[Supplied material]
+---+

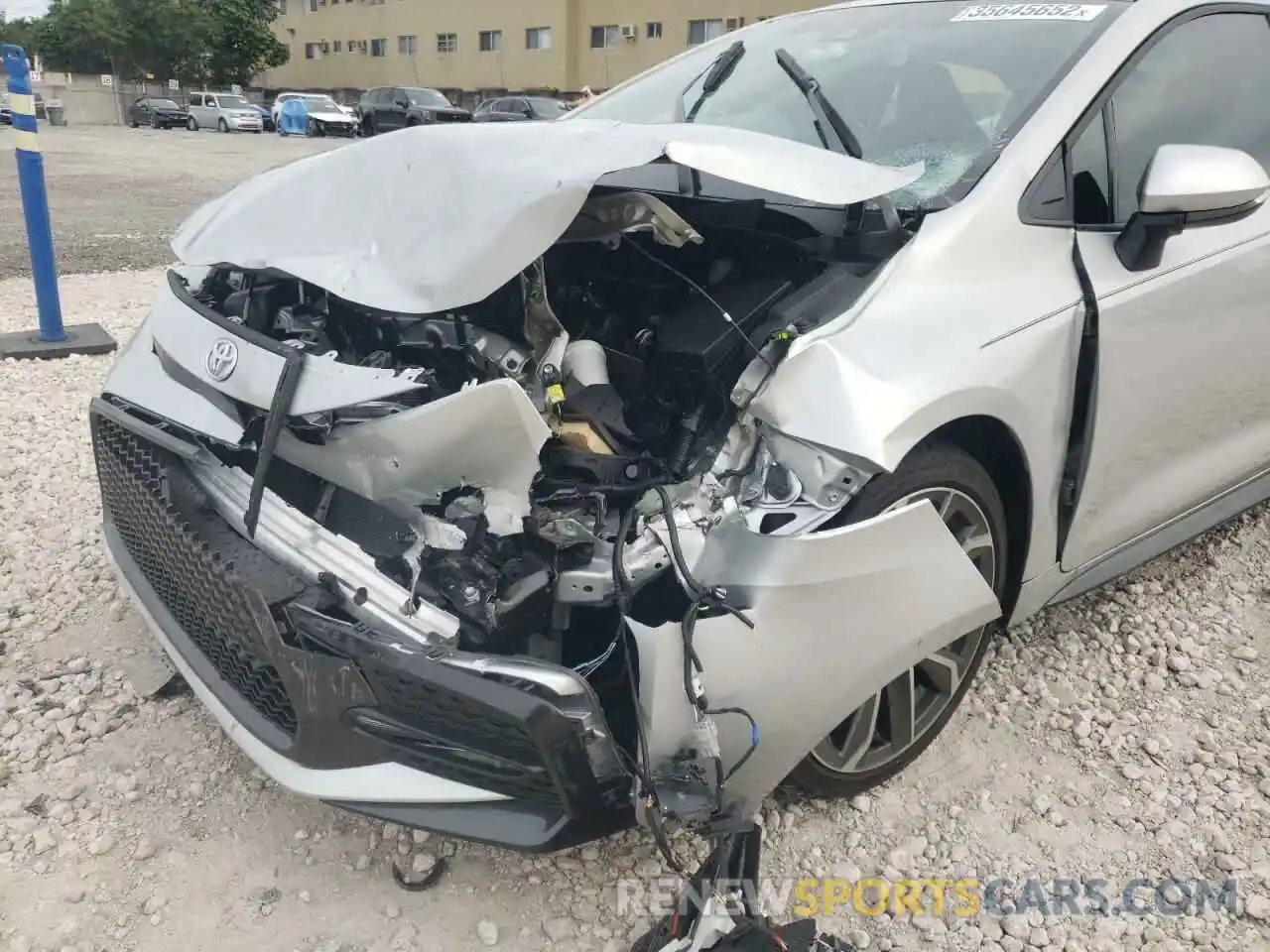 9 Photograph of a damaged car 5YFT4MCE9MP094813 TOYOTA COROLLA 2021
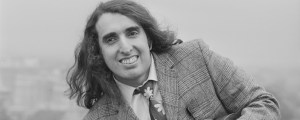 Remembering โTiptoe Through the Tulipsโ Singer Tiny Timโs Brutally Honest Last Words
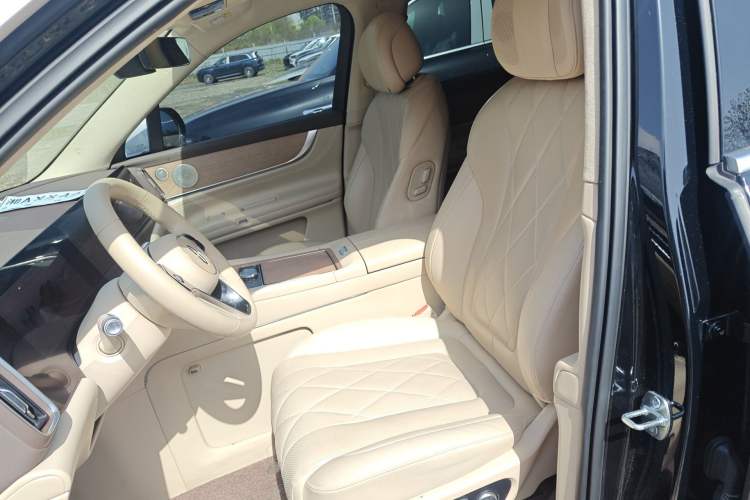 Used Hima AITO M9 2024 Range-Extended Ultra Version 42 kWh 6-Seater Model Left Front Seat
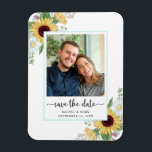 ひまわりエレガントフローラ結婚式の日付保存 マグネット<br><div class="desc">美しいひまわりフローラデザインと写真パーソナライズされたと名前と日結婚付き。あなたの素晴らし来る特別な日のギフト、お願い、または素敵な思い出を作る。デザイン©ロザリンドムーア、さくらんぼレーンデザイン。</div>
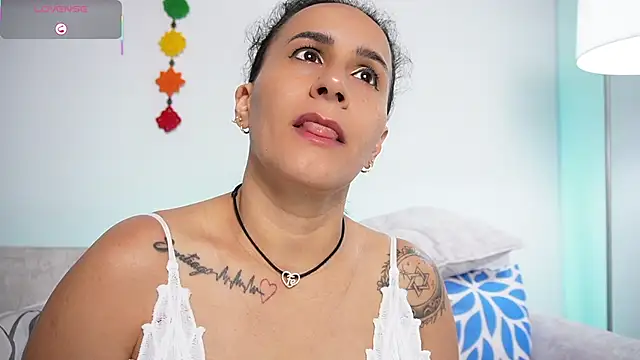 Sara Charmy online show from 02/12/26, 10:59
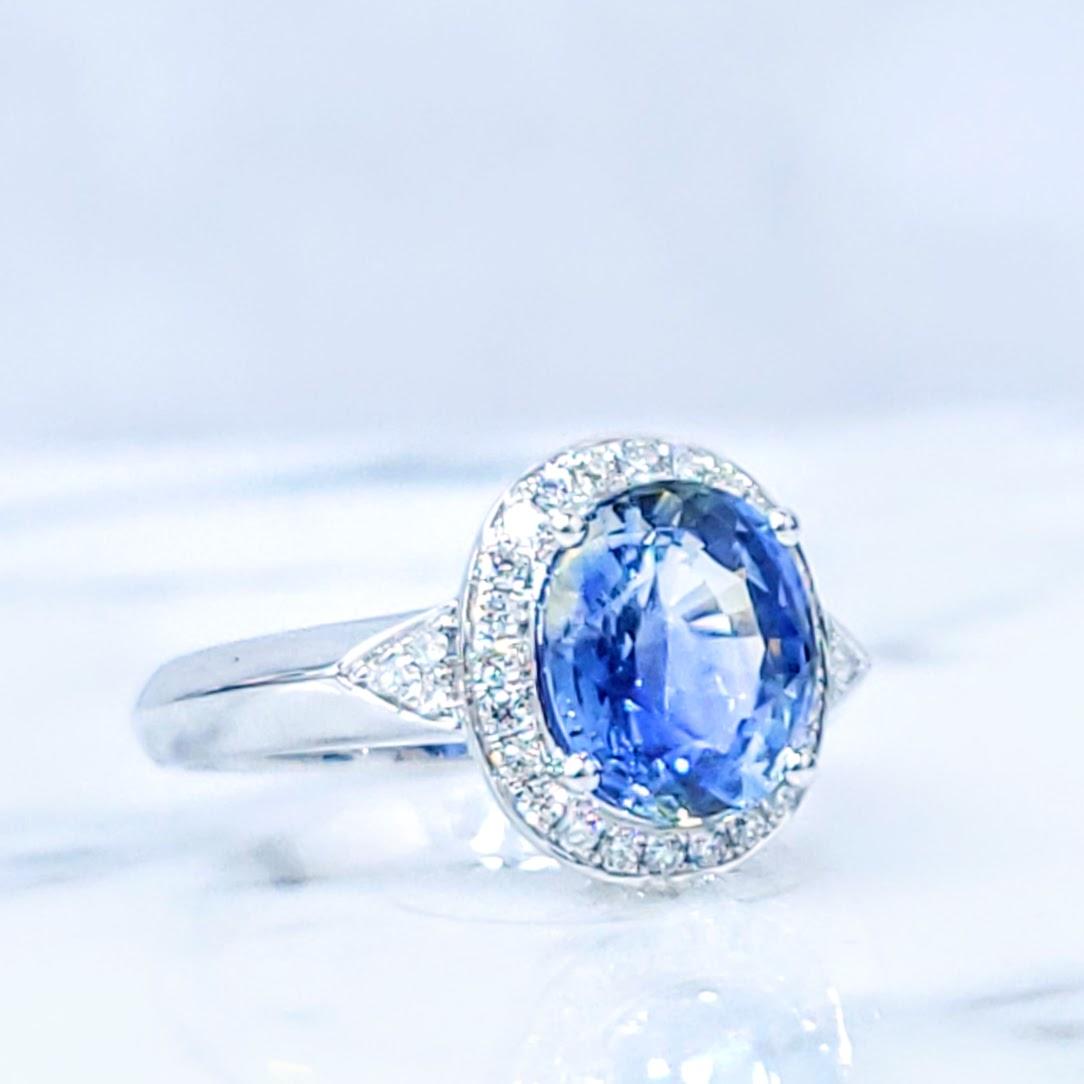 Taille ovale Bague en or blanc 18 carats certifiée IGI avec saphir et diamant de 2,70 carats en vente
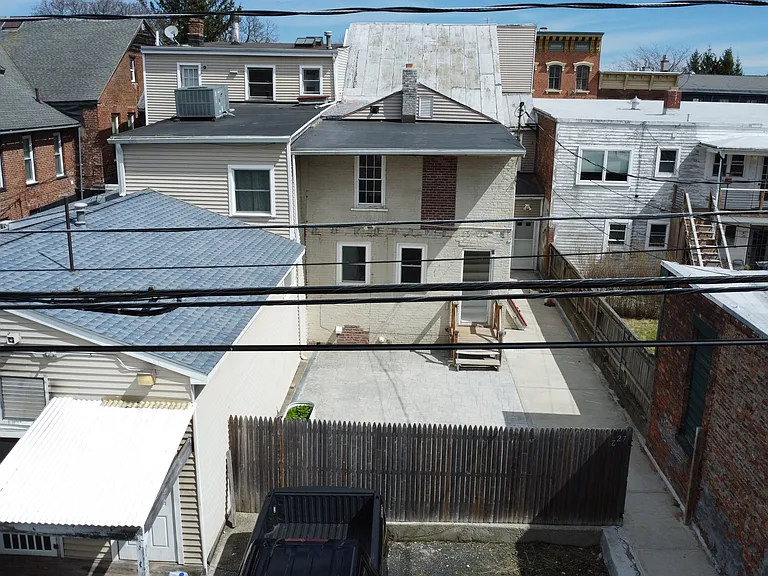 227 Warren St #2 — Photo 15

+---+

[Instructions for the task] Could you please write out exactly the lines from the start of the entries above through the line that holds "Sara Charmy online show from 02/12/26, 10:59", both included, with no pictures?

[Result]
 9 Photograph of a damaged car 5YFT4MCE9MP094813 TOYOTA COROLLA 2021
 Remembering โTiptoe Through the Tulipsโ Singer Tiny Timโs Brutally Honest Last Words
 Used Hima AITO M9 2024 Range-Extended Ultra Version 42 kWh 6-Seater Model Left Front Seat
 ひまわりエレガントフローラ結婚式の日付保存 マグネット<br><div class="desc">美しいひまわりフローラデザインと写真パーソナライズされたと名前と日結婚付き。あなたの素晴らし来る特別な日のギフト、お願い、または素敵な思い出を作る。デザイン©ロザリンドムーア、さくらんぼレーンデザイン。</div>
 Sara Charmy online show from 02/12/26, 10:59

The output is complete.